■ **GIVEN INFORMATION**
--------------------------------------------------
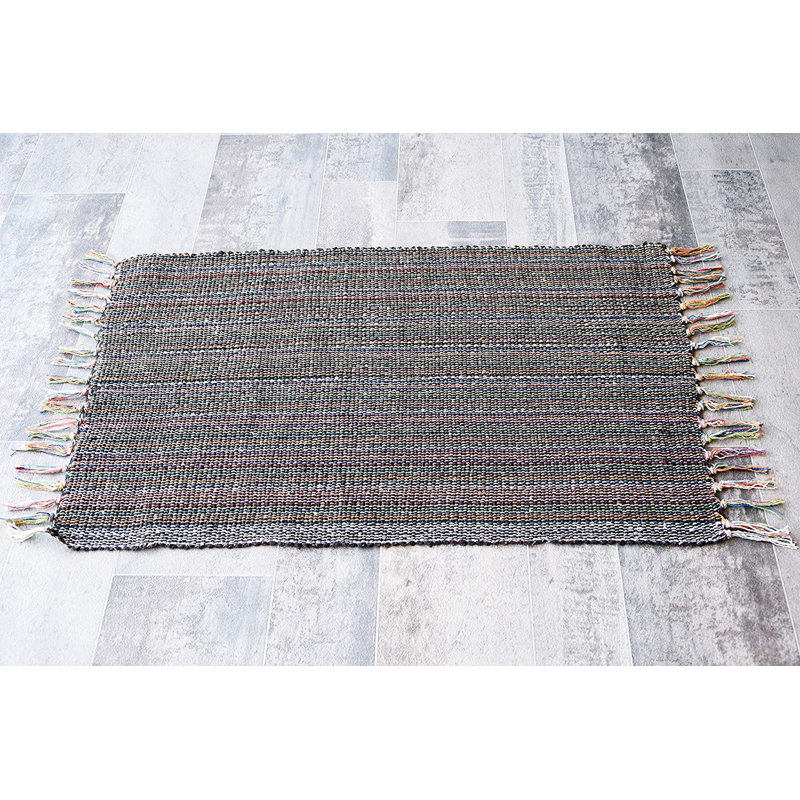 Tapis brun intérieur/extérieur en coton fait main à tissage plat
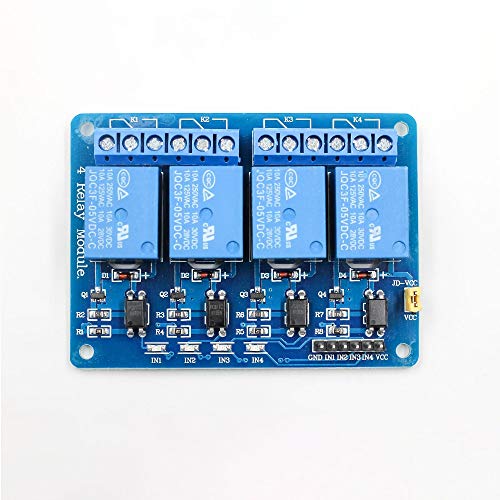Treedix Módulo de relé de 4 canales, 12V, optoacoplador, disparador de nivel alto o bajo, compatible con PLC, IoT, Arduino y hogar inteligente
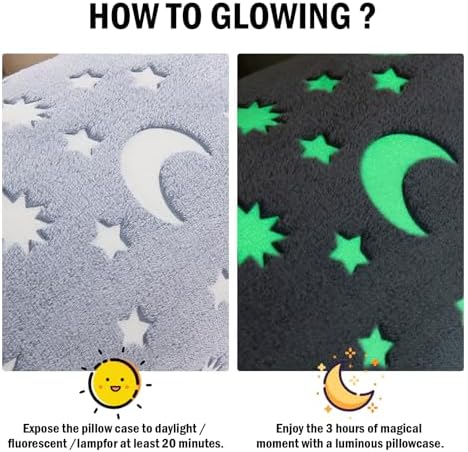 HOMBYS Glow in The Dark Body Pillow Cover, Soft Velvet Fluffy Bed Pillow Case - Image 4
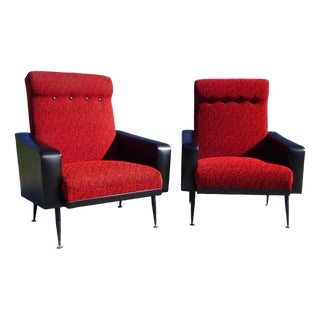Vintage Red and Black Chairs with Compass Feet, 1970s, Set of 2 For Sale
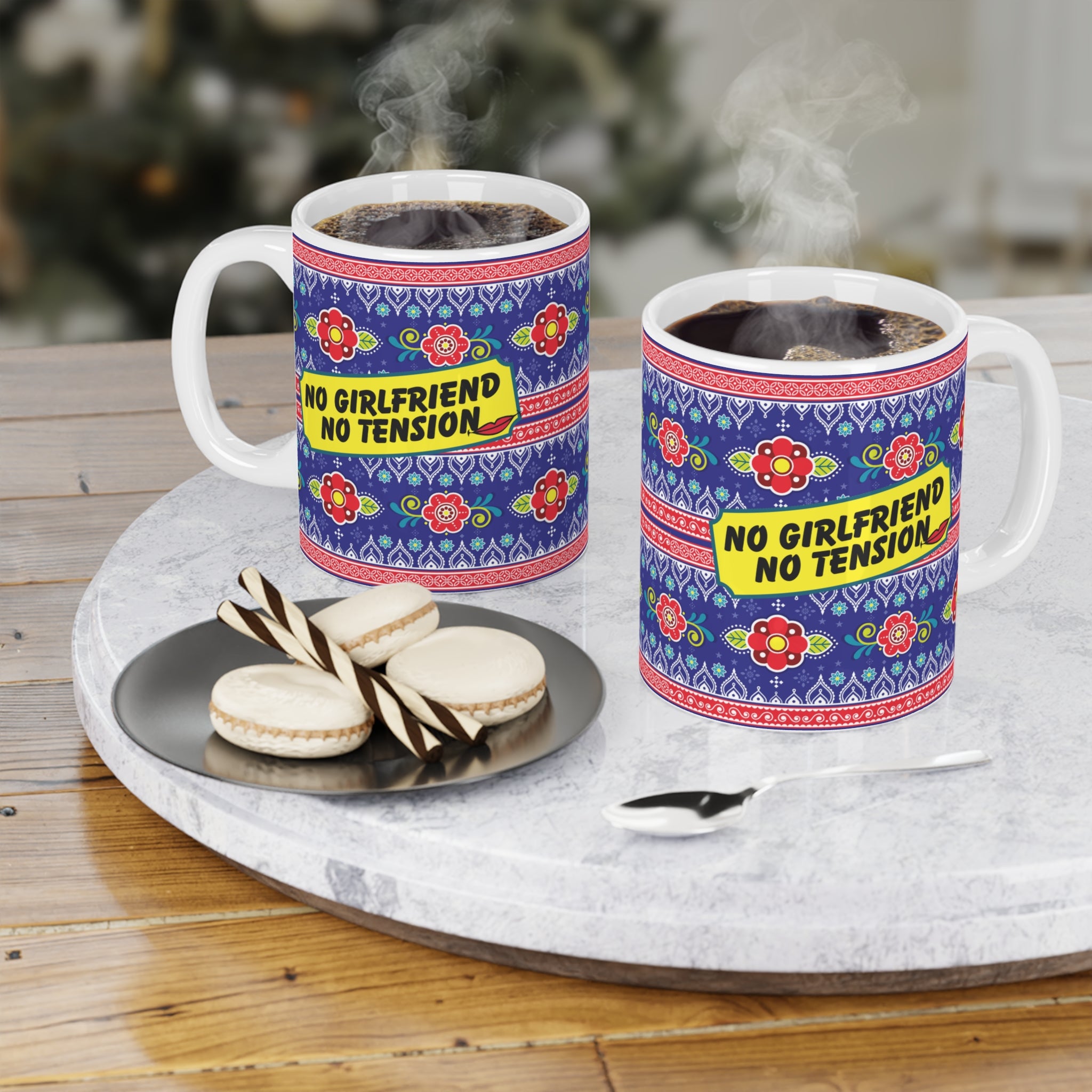 No Girlfriend No Tension ceramic mug 11oz with funny desi quote design.
Perfect for chai and coffee lovers who enjoy humor and quirky sayings.
Durable ceramic build with vibrant, scratch-resistant printing for daily use.
Microwave safe and dishwasher safe for reheating and easy cleaning.
Large comfortable handle for a relaxed grip during tea or coffee time.
A playful and hilarious gift for friends, coworkers, or family members.
Adds laughter, personality, and desi humor to every tea or coffee break.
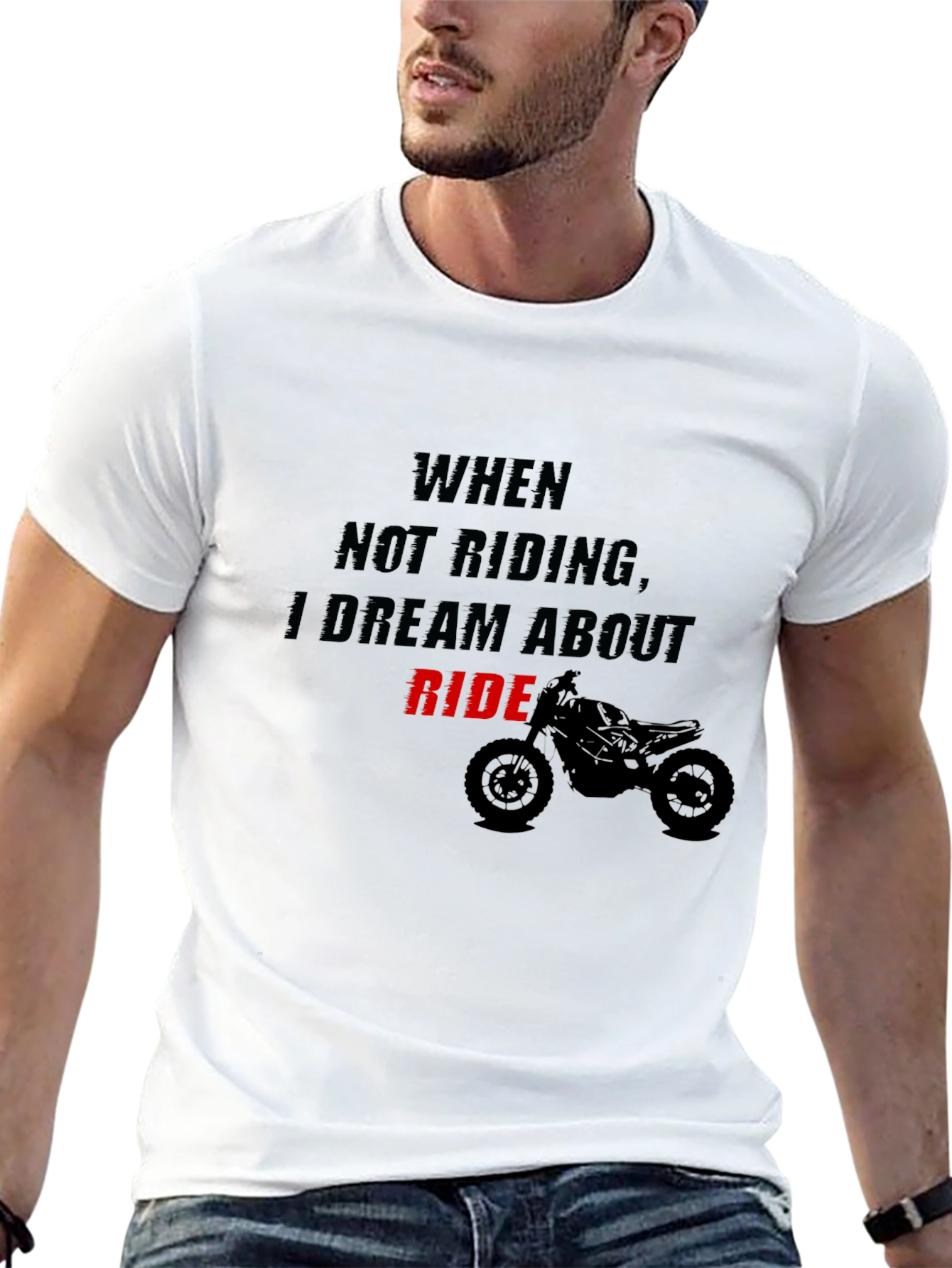 Black Motorcycle Ride Dream Graphic Tee view 13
--------------------------------------------------
■ **WHAT YOU ARE ASKED TO DO**
Return exactly the lines that begin with the one containing "Treedix Módulo de" and end with the final line of the data above; include no pictures.

■ **RESPONSE TO THIS TASK**
Treedix Módulo de relé de 4 canales, 12V, optoacoplador, disparador de nivel alto o bajo, compatible con PLC, IoT, Arduino y hogar inteligente
 HOMBYS Glow in The Dark Body Pillow Cover, Soft Velvet Fluffy Bed Pillow Case - Image 4
Vintage Red and Black Chairs with Compass Feet, 1970s, Set of 2 For Sale
 No Girlfriend No Tension ceramic mug 11oz with funny desi quote design.
Perfect for chai and coffee lovers who enjoy humor and quirky sayings.
Durable ceramic build with vibrant, scratch-resistant printing for daily use.
Microwave safe and dishwasher safe for reheating and easy cleaning.
Large comfortable handle for a relaxed grip during tea or coffee time.
A playful and hilarious gift for friends, coworkers, or family members.
Adds laughter, personality, and desi humor to every tea or coffee break.
 Black Motorcycle Ride Dream Graphic Tee view 13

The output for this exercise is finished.